§ **Task directions**: The output should match, line for line, the records from the line containing "593 Thole ST, Norfolk, VA 23505" through the line containing "Fototapet autoadeziv statuete", with every picture left out.

(Caption-style text data)
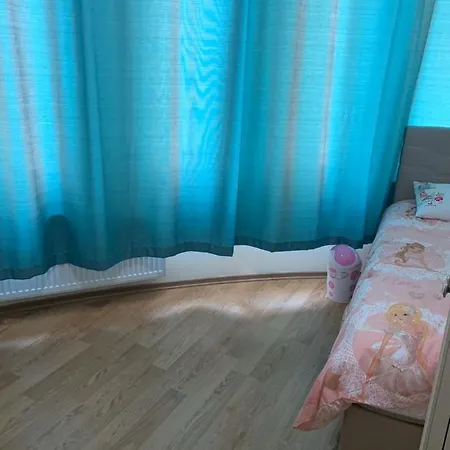 Ev Apartment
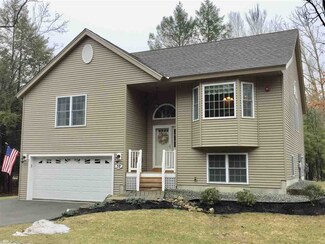 32 Woodland Rd, Newton, NH 03858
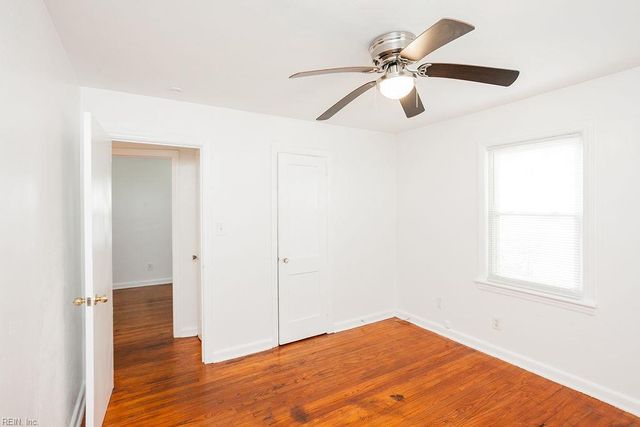 593 Thole ST, Norfolk, VA 23505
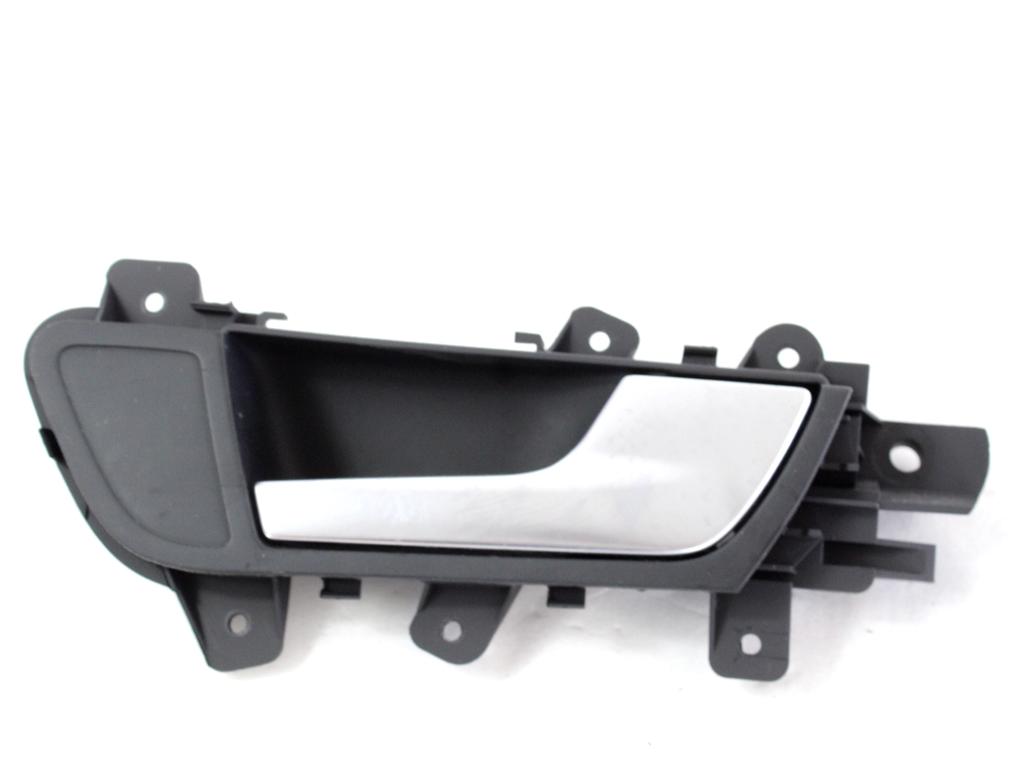 NOTRANJA KLJUKA  OEM N. 8K0837020D ORIGINAL REZERVNI DEL AUDI A5 8T R COUPE/5P  (08/2011 - 06/2016) DIESEL LETNIK 2012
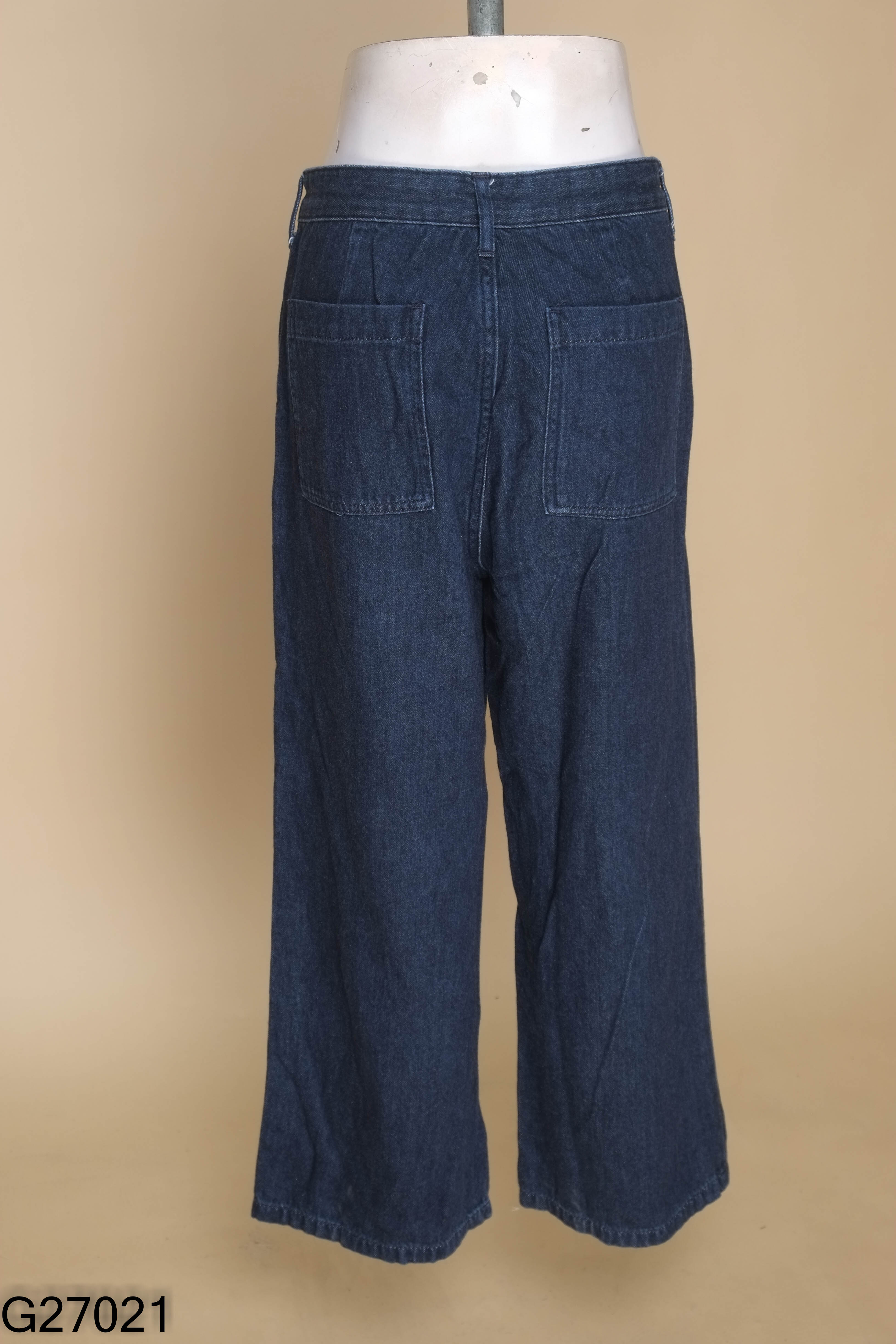 Quần jeans trơn xanh đậm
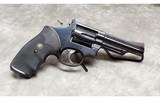 Smith & Wesson Model 19 - 2 of 5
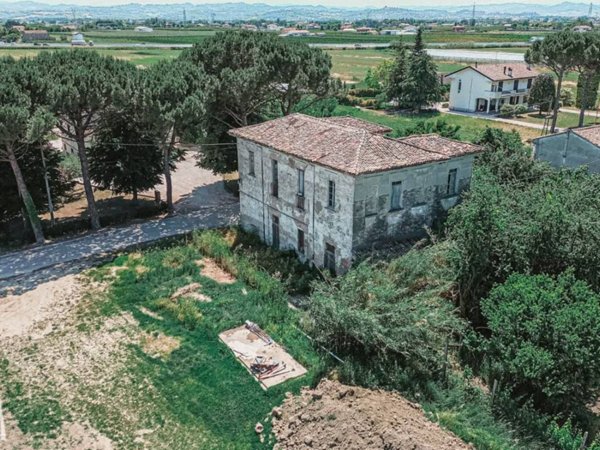 intera palazzina in vendita a Cesena in zona Vigne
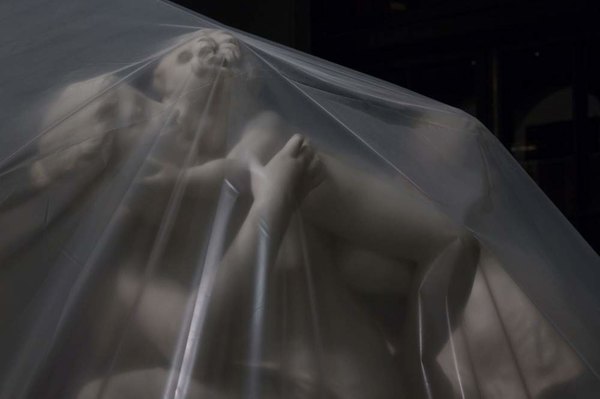 «ShroudedSculpture #6 (Affetto materno, di Edward Hodges Baily)» (2021), di Simon Roberts (particolare)
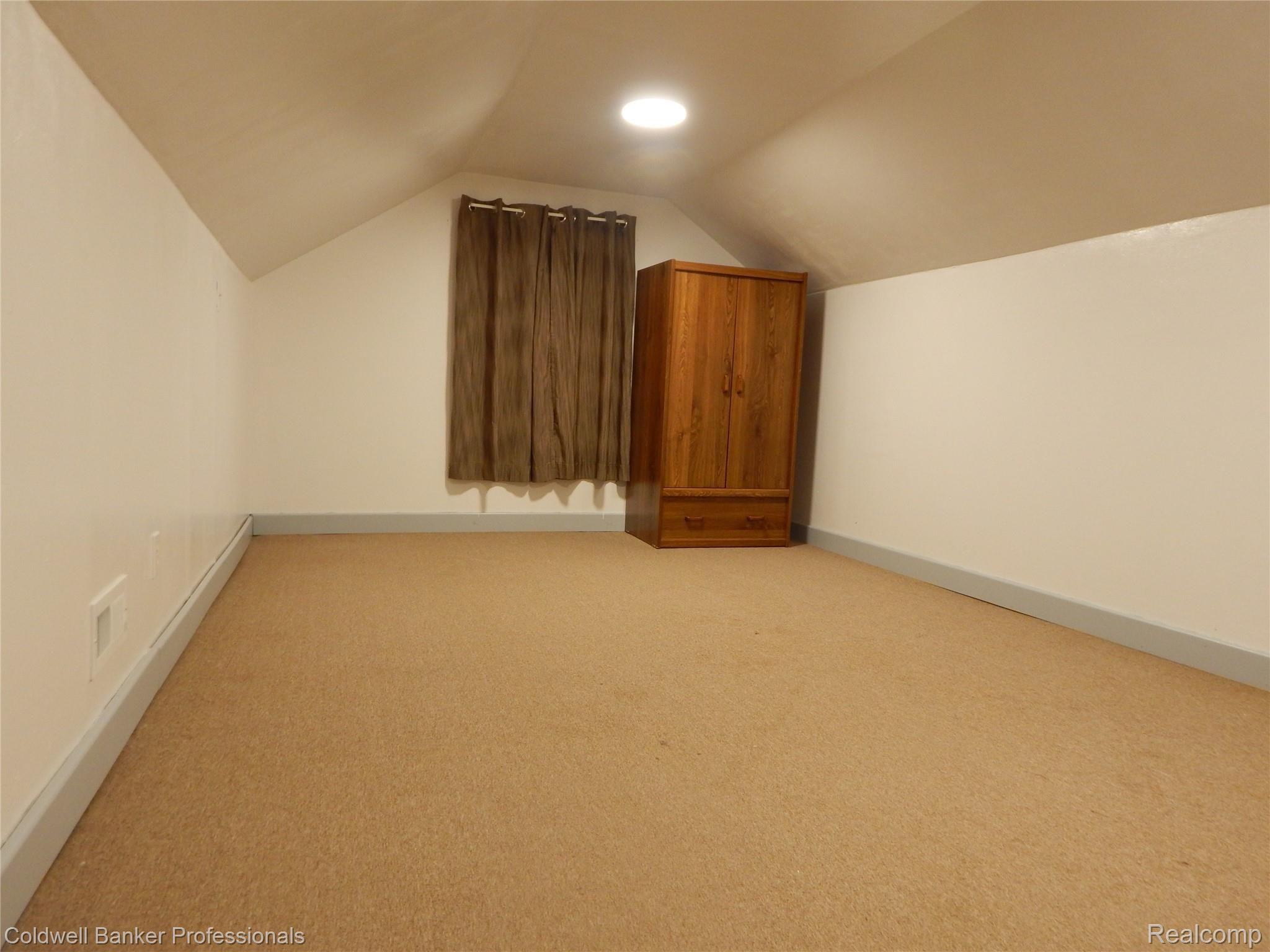 509 West Coulter Road Lapeer, MI 48446 - Photo 29 of 55 large upstairs bedroom.JPG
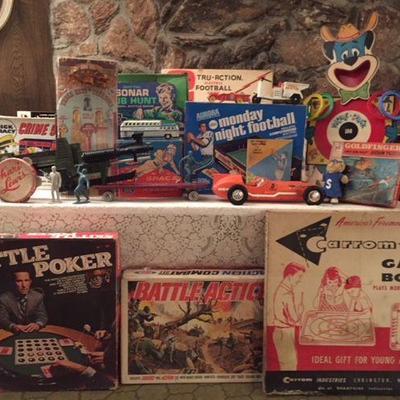 HUGE Collection of 50s, 60s Games, Toys, including Ideal, Mattel, Kenner, Tonka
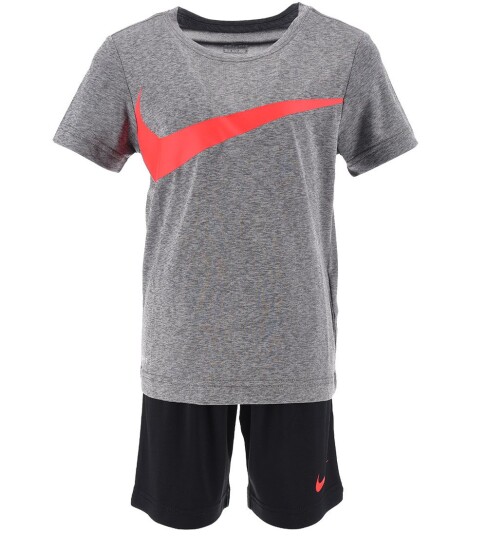 Nike Shorts Sett T skjorte/Shorts Svart/Grå 12 md Shorts 80
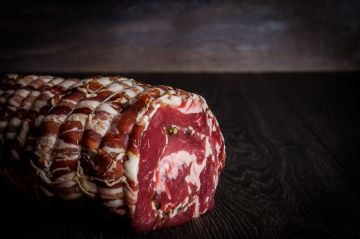 Pfefferspießbraten - hausgemachte Spezialität aus Metzgerhand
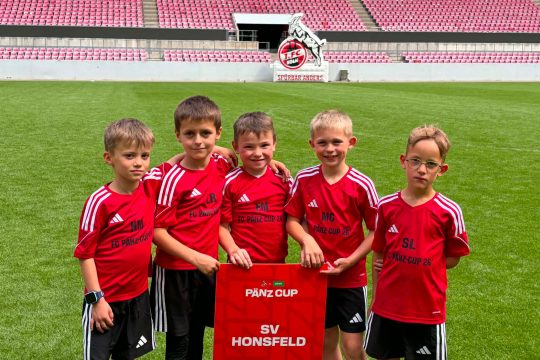 Fünf Kinder des Honsfelder SV beim FC Pänz Cup des 1. FC Köln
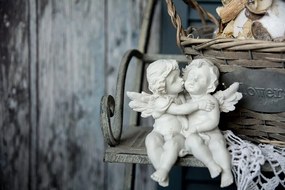 Fototapet autoadeziv statuete de îngerași pe bancă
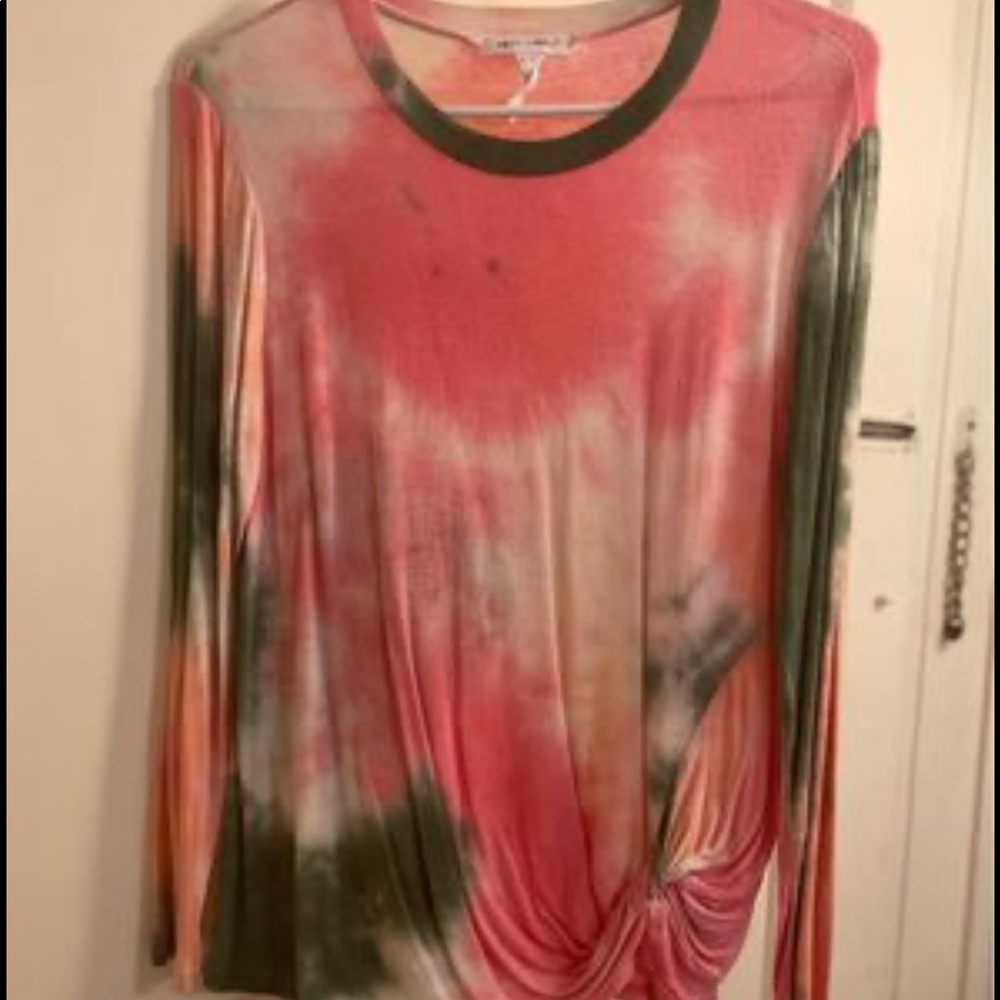 Mike and Molly long sleeve shirt. Size small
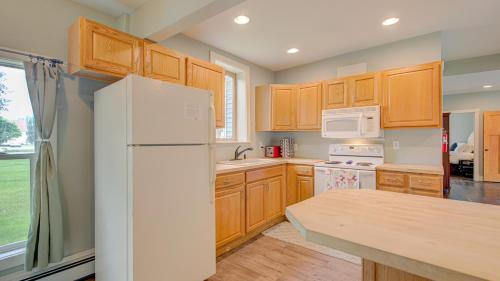 Kitchen, Snowdrop Apartment - Just 10 Minutes to the Beach! in Lake City (MN)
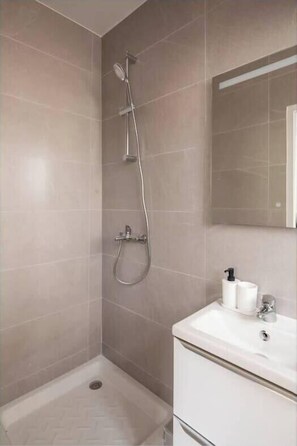 Shower, hair dryer, shampoo - Studio Climatisé & Équipé – 20 min de Paris Centre (Le Pré-Saint-Gervais)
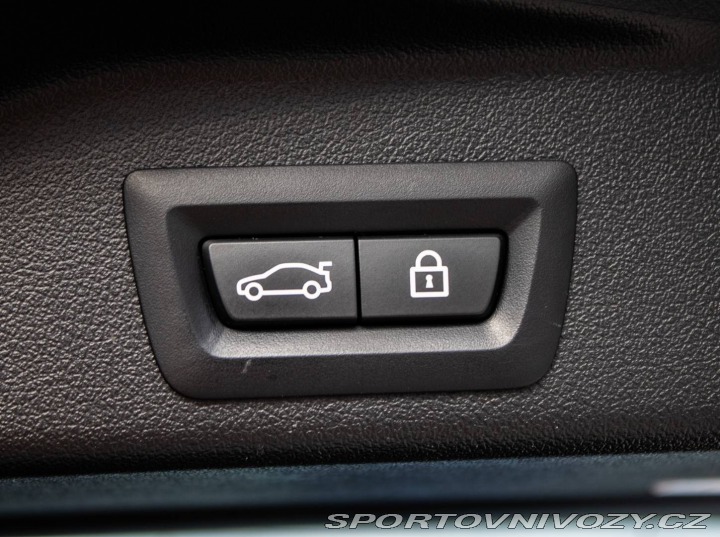 BMW X5 xDriveM50i, 390kW (2022) 2022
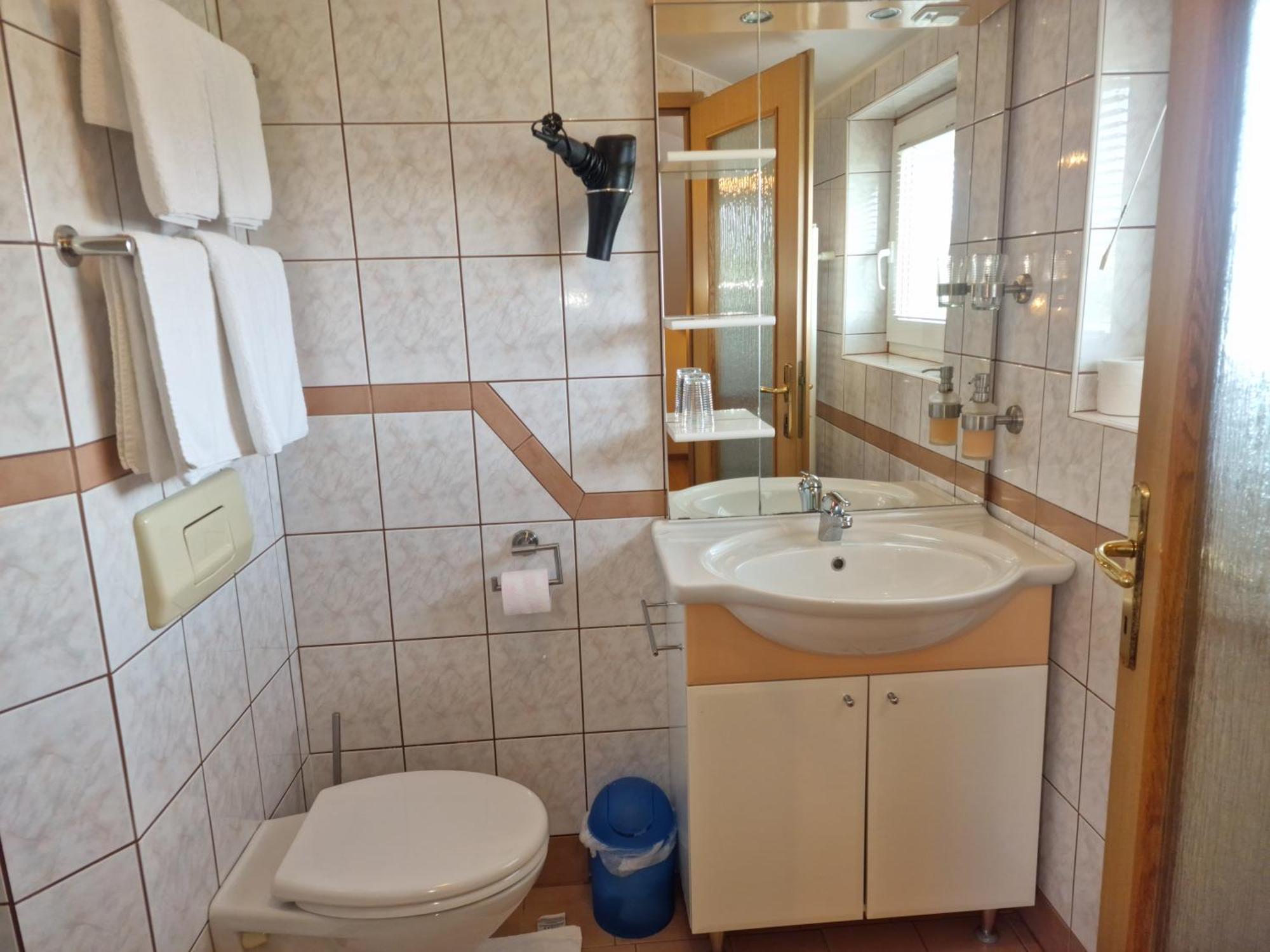 Hotel Pri Storklji Moravske Toplice Exterior foto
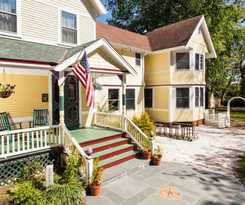 Inn At The Oaks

§ **Expected output**:
 593 Thole ST, Norfolk, VA 23505
 NOTRANJA KLJUKA  OEM N. 8K0837020D ORIGINAL REZERVNI DEL AUDI A5 8T R COUPE/5P  (08/2011 - 06/2016) DIESEL LETNIK 2012
 Quần jeans trơn xanh đậm
 Smith & Wesson Model 19 - 2 of 5
 intera palazzina in vendita a Cesena in zona Vigne
 «ShroudedSculpture #6 (Affetto materno, di Edward Hodges Baily)» (2021), di Simon Roberts (particolare)
 509 West Coulter Road Lapeer, MI 48446 - Photo 29 of 55 large upstairs bedroom.JPG
 HUGE Collection of 50s, 60s Games, Toys, including Ideal, Mattel, Kenner, Tonka
 Nike Shorts Sett T skjorte/Shorts Svart/Grå 12 md Shorts 80
 Pfefferspießbraten - hausgemachte Spezialität aus Metzgerhand
 Fünf Kinder des Honsfelder SV beim FC Pänz Cup des 1. FC Köln
 Fototapet autoadeziv statuete de îngerași pe bancă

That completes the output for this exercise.